### DESCRIPTION OF THE TASK
Please set down only the lines below starting with the line with "职业心态修炼和素质提升" and going on through the line with "37 黑云压城城欲摧(1/3)-第39话", verbatim and without pictures.

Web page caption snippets
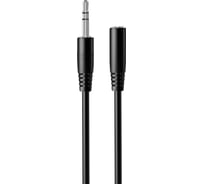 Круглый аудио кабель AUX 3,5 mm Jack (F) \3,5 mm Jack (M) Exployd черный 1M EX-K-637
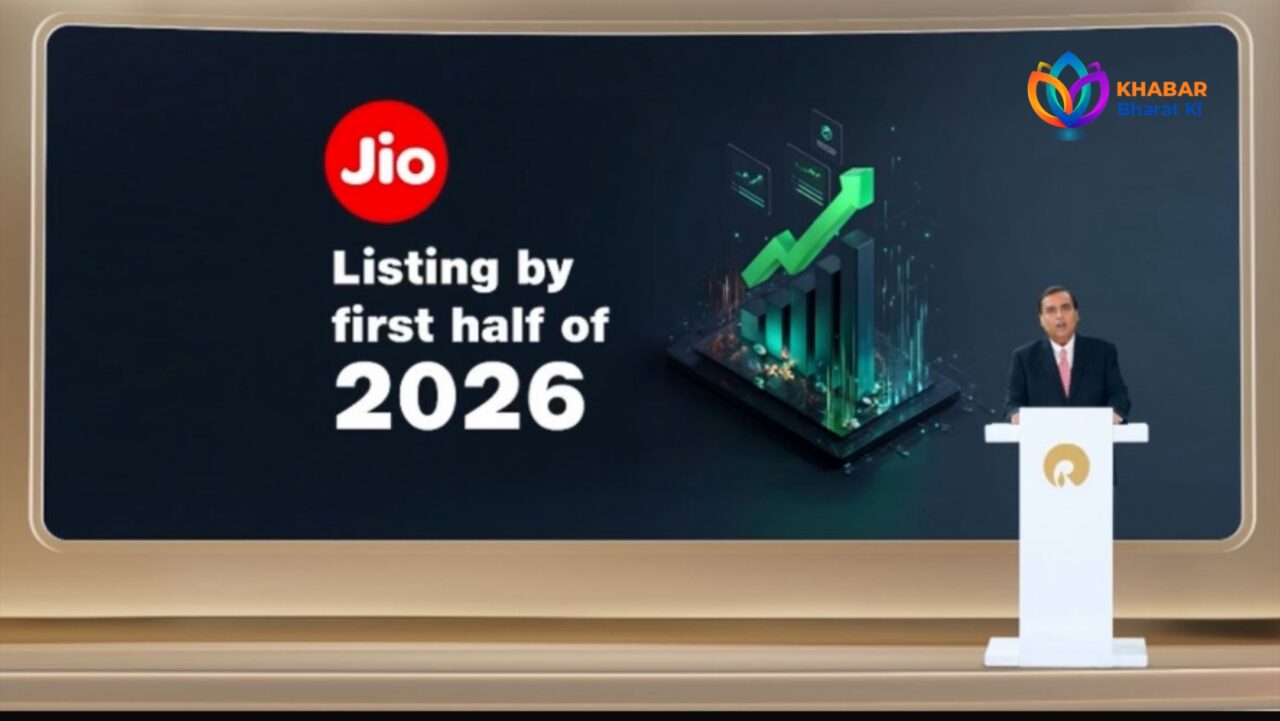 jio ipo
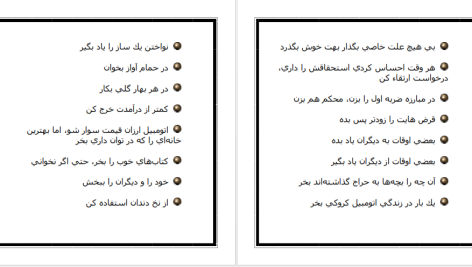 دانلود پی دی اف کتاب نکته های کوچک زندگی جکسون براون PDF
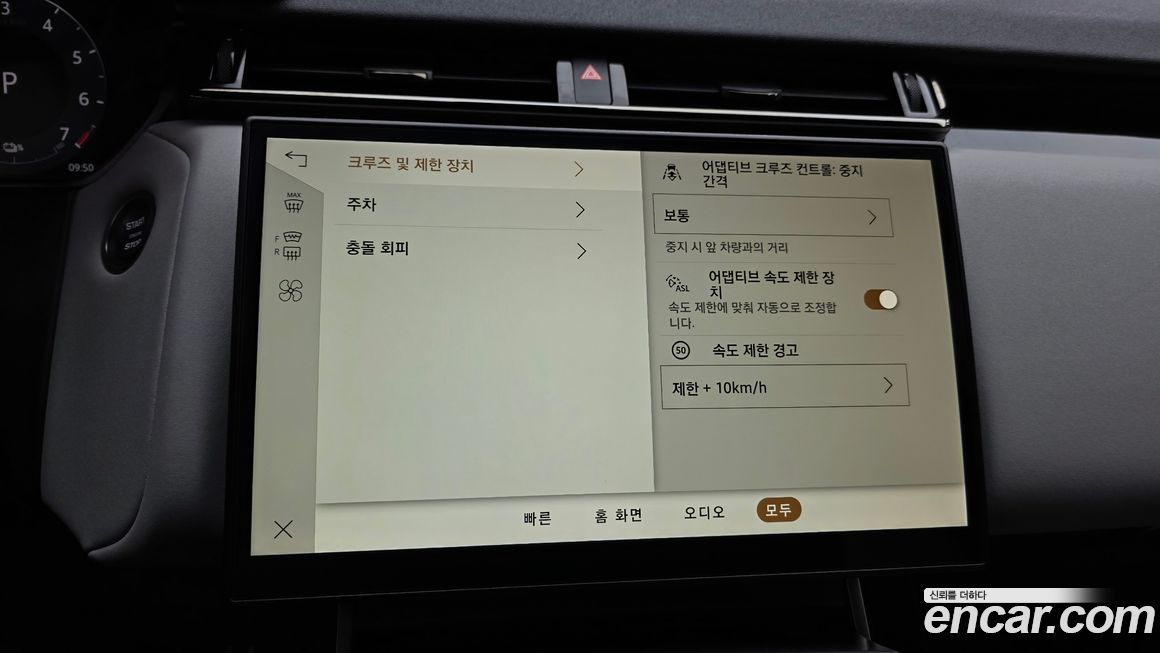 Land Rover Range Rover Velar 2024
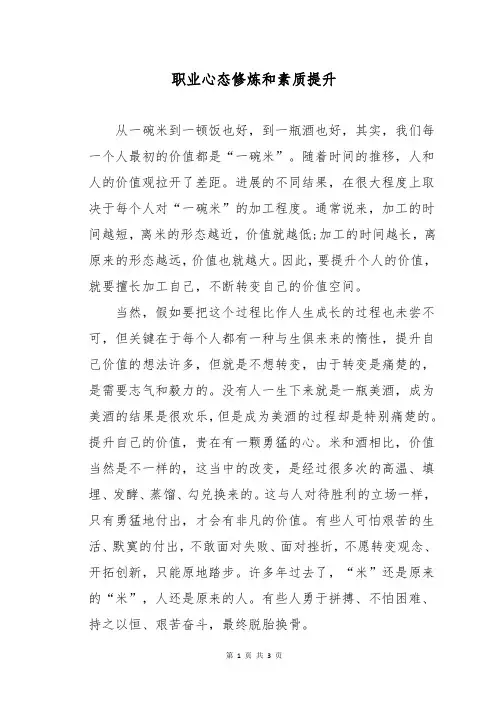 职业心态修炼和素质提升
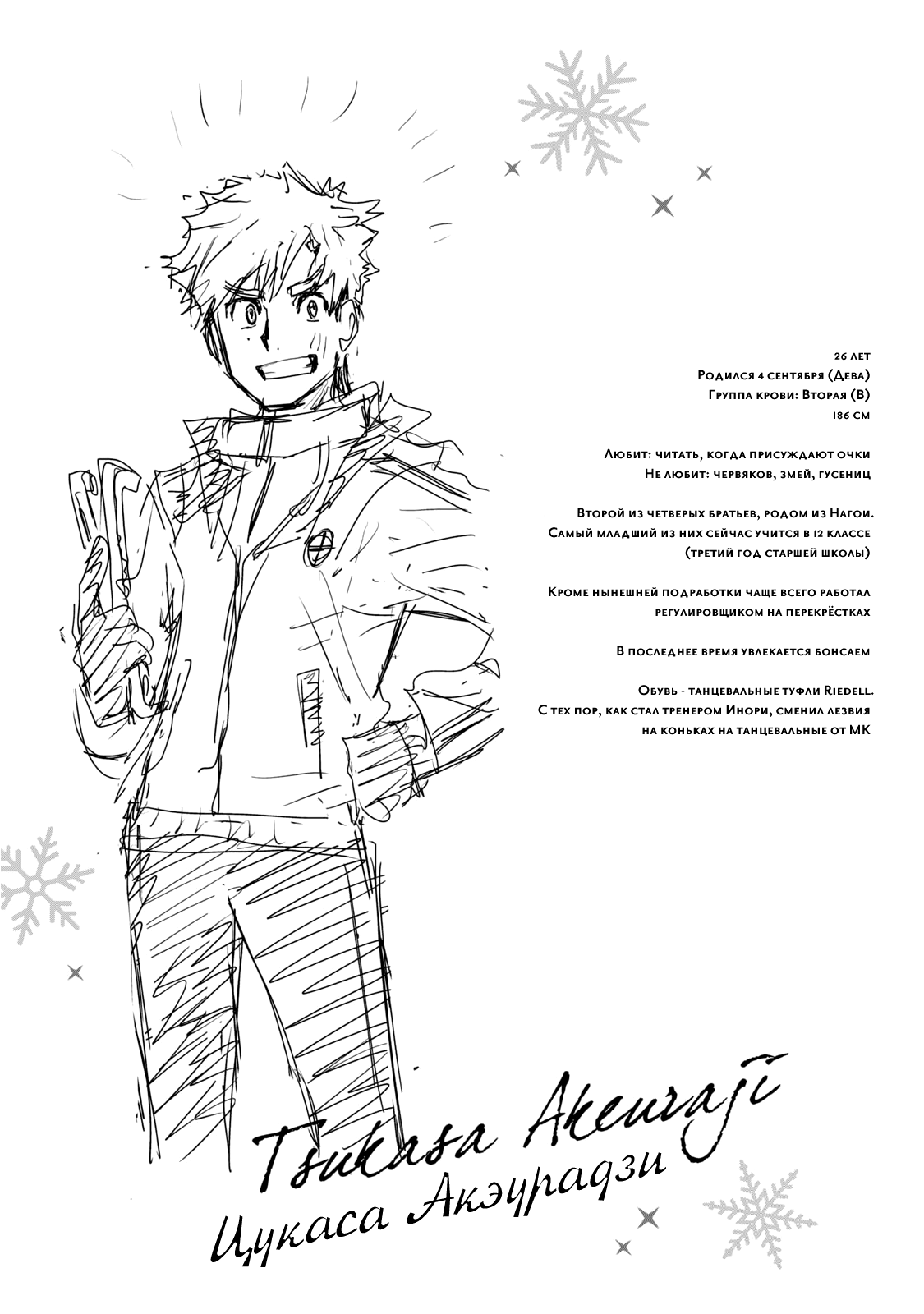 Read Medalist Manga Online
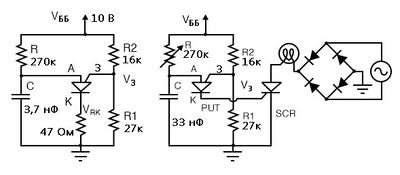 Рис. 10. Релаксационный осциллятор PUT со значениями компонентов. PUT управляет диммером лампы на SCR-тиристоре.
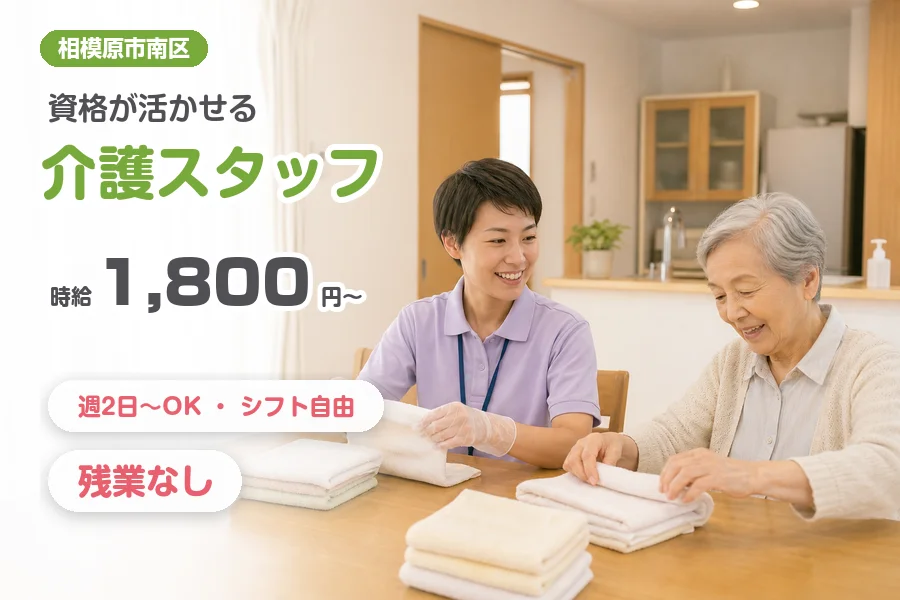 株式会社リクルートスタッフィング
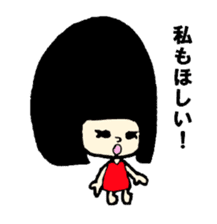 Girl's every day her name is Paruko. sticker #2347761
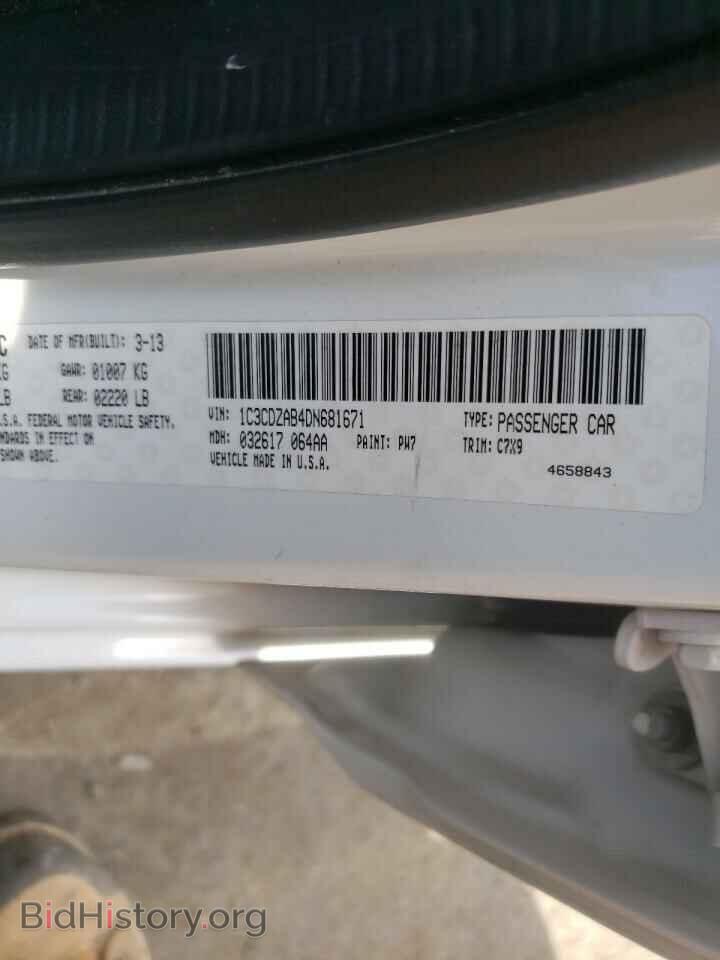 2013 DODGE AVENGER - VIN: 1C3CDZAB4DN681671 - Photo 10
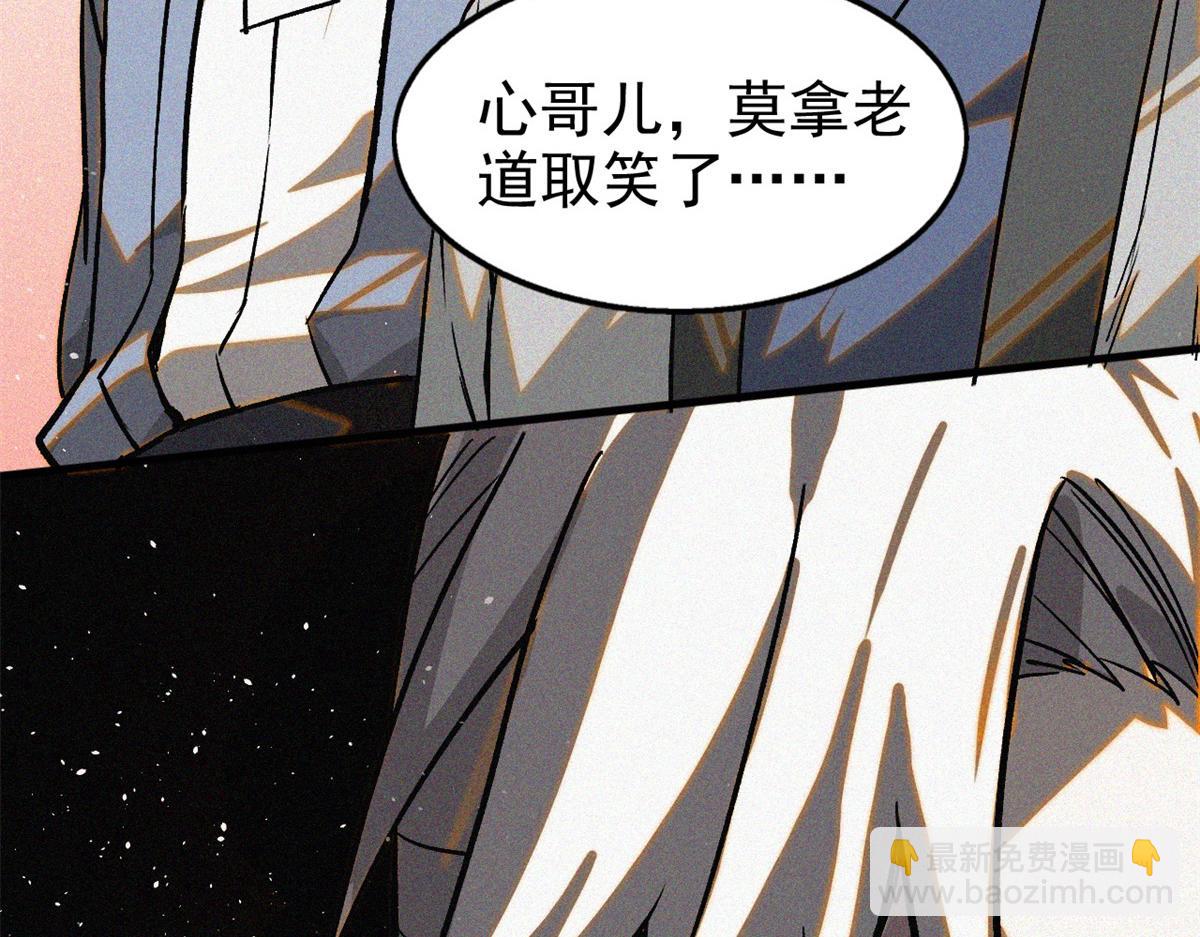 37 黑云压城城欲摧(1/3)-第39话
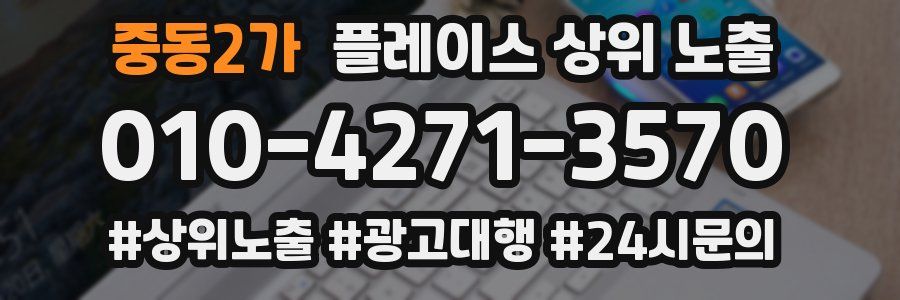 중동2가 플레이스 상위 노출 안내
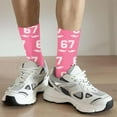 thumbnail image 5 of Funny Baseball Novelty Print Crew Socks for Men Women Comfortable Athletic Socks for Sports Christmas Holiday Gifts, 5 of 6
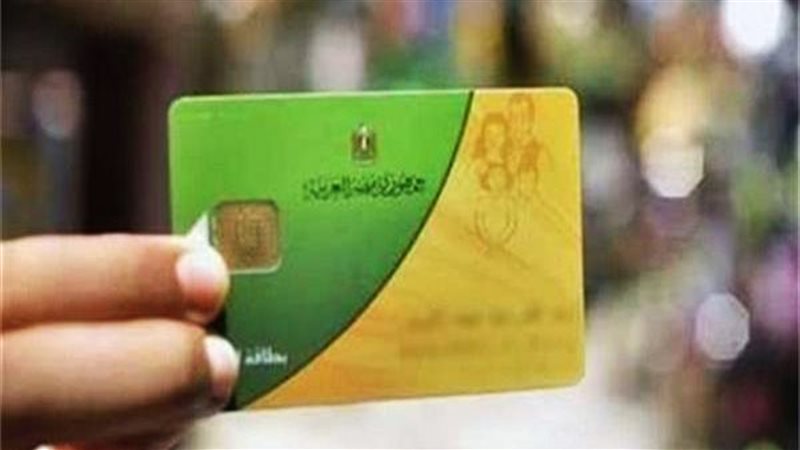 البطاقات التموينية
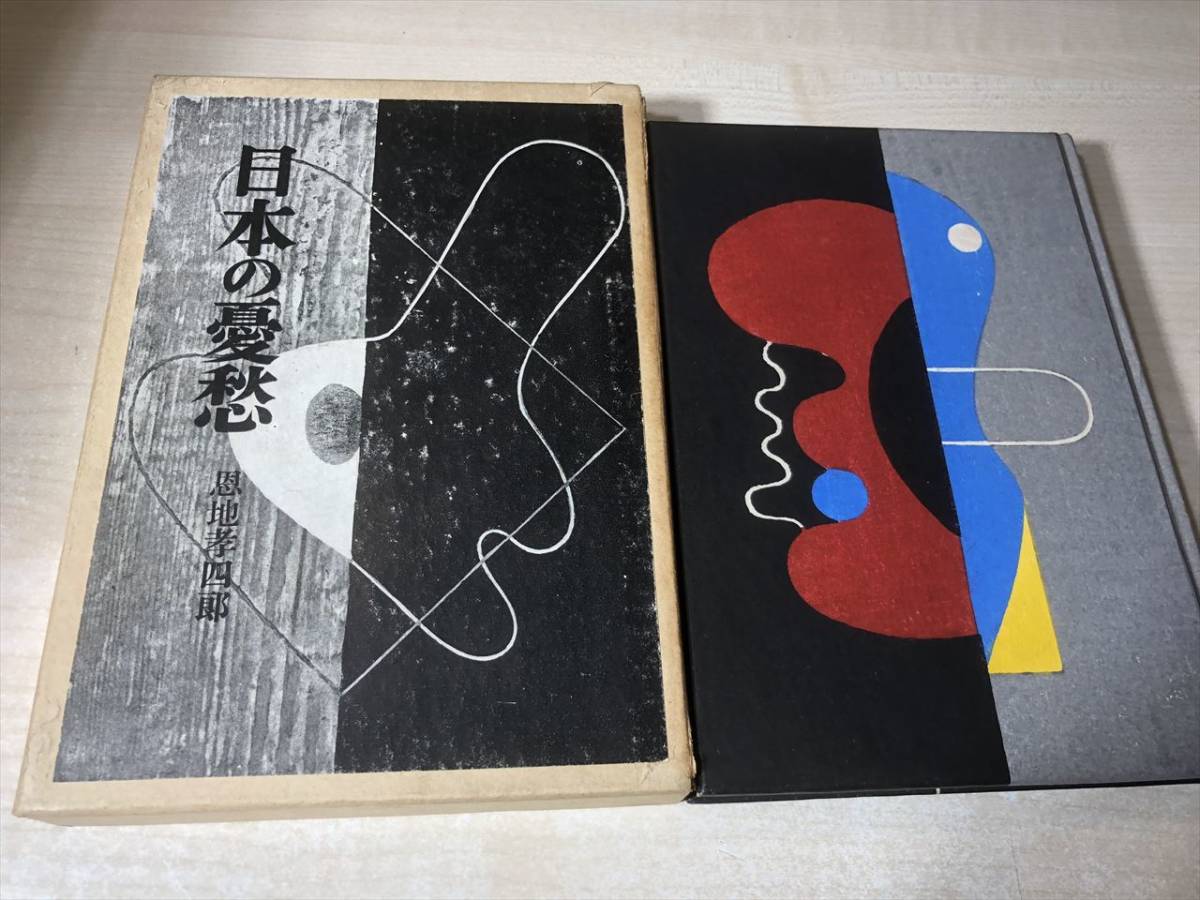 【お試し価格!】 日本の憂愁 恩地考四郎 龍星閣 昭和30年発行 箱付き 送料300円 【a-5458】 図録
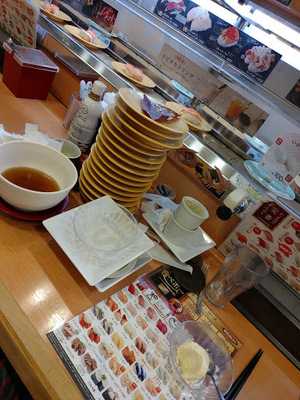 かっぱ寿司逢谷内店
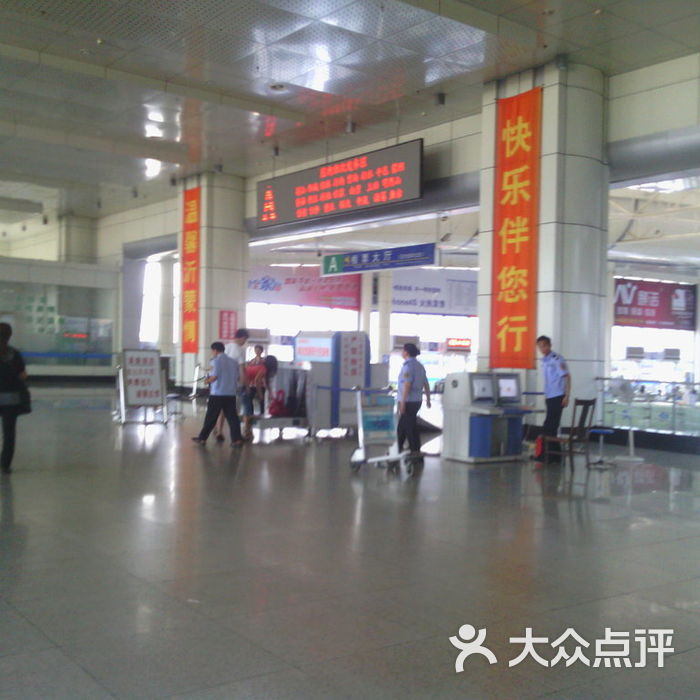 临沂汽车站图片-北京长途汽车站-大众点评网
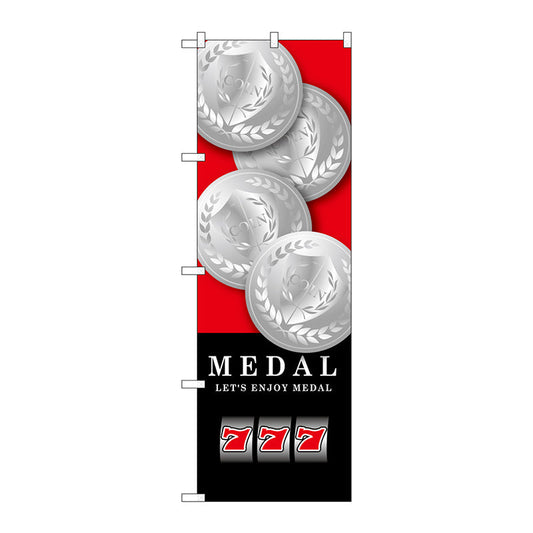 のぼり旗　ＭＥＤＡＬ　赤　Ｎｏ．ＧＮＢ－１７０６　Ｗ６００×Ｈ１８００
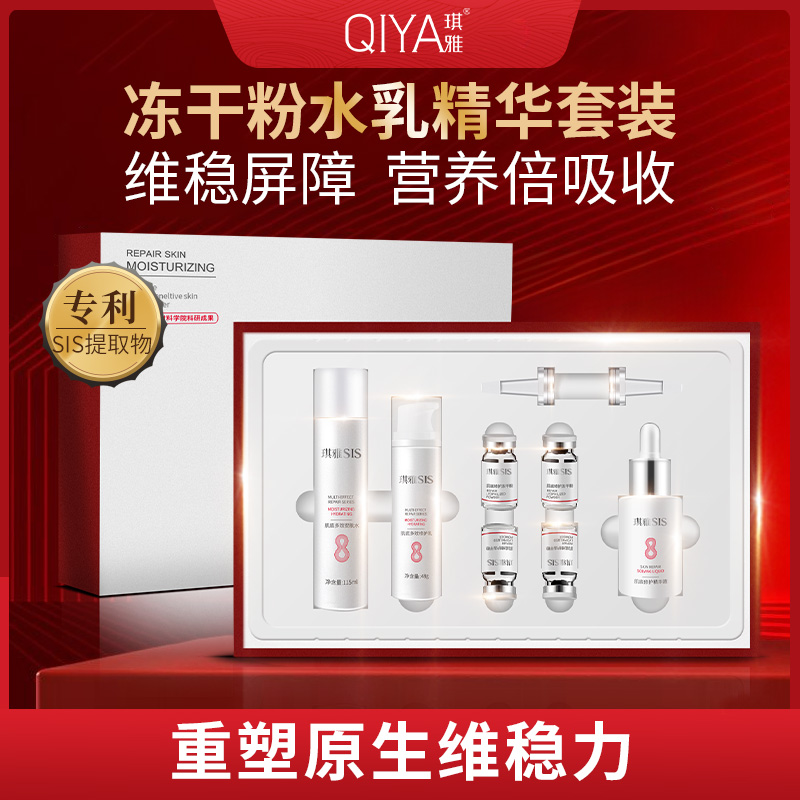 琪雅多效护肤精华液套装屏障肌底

### THE COMPLETED TASK
 职业心态修炼和素质提升
 Read Medalist Manga Online
 Рис. 10. Релаксационный осциллятор PUT со значениями компонентов. PUT управляет диммером лампы на SCR-тиристоре.
 株式会社リクルートスタッフィング
 Girl's every day her name is Paruko. sticker #2347761
 2013 DODGE AVENGER - VIN: 1C3CDZAB4DN681671 - Photo 10
 37 黑云压城城欲摧(1/3)-第39话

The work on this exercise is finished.